Там, в горах над Туапсе, живёт сценограф, декоратор, художник - Владимир Оглезнев
Его работы нужны театрам, работающим с куклами.
Своих первых кукол-марионеток Владимир Оглезнев сделал почти двадцать лет назад — персонажей к «Волшебной лампе Алладина» для театральной студии «Карнавал» под руководством Игоря Мораря (этих милых и колоритных персон можно увидеть и сегодня в мини-вестибюле детского камерного театра в туапсинском Городском дворце культуры).
«Делать кукол я учился самостоятельно, — рассказывает художник. — Подбирал материал — дерево, пластик, ткань, придумывал образы, характеры. Вот сейчас работаю над серией ковбоев и летчиков, первых авиаторов-воздухоплавателей. Приходится просиживать в интернете часами, изучать детали костюмов, особенности экипировки.

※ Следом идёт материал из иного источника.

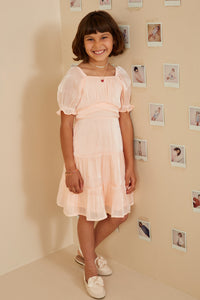 GY8623 Peach Girls Textured Shimmer Tie Detail Dress Pose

Вот, к примеру, были ли отвороты на ковбойских сапогах? Мне почему-то кажется, что были… Впрочем, в этом и прелесть театральной куклы, вообще куклы, что мастер может привнести в ее образ что-то свое, не претендующее на историческую или фактологическую точность.
Гораздо сложнее вселить в куклу душу, угадать ее характер. И когда это получается — счастье».
В главной комнате дома, которая является и гостиной, и мастерской (пока настоящая мастерская еще в процессе) на самом видном художник разместил целый вернисаж работ своих учеников, шаумянских девчонок и мальчишек, которые занимались с ним в местном Доме культуры.
«Детские рисунки — это шедевры, — совершенно серьезно говорит Оглезнев. — Потому что так передать настроение, видение предмета или явления может только ребенок. Можно, конечно, и взрослому работать в примитивизме, но это будет стилизация, копия. А настоящие детские рисунки — это совсем другое, и потому очень ценны».
Не поверить ему, профессиональному художнику, проработавшему в театрах Москвы, Ярославля, Прибалтики, человеку, которого брали во ВГИК без экзаменов, а только увидев его работы, конечно нельзя.
«Родом я с Алтая, оттуда, где река Бия протекает. Шукшинские места, — рассказывает Владимир Оглезнев. — В моей семье все были учителя: отец, мама, а бабушка даже была за учительство награждена орденом Трудового Красного Знамени. Так что худодником я быть не хотел. А кем хотел? Портовым грузчиком! Ну, это под влиянием романтики героев Джека Лондона.
Потом, когда мы с семьей переехали в Казахстан, мой друг Амандос Аканаев (академик живописи, член правления Союза художников СССР (с 1978), генеральный эксперт Академии художеств Казахстана) увидел у меня способность к рисованию, позанимался со мной, и…так я стал студентом алмаатинского художественного училища театрально-декорационного отделения».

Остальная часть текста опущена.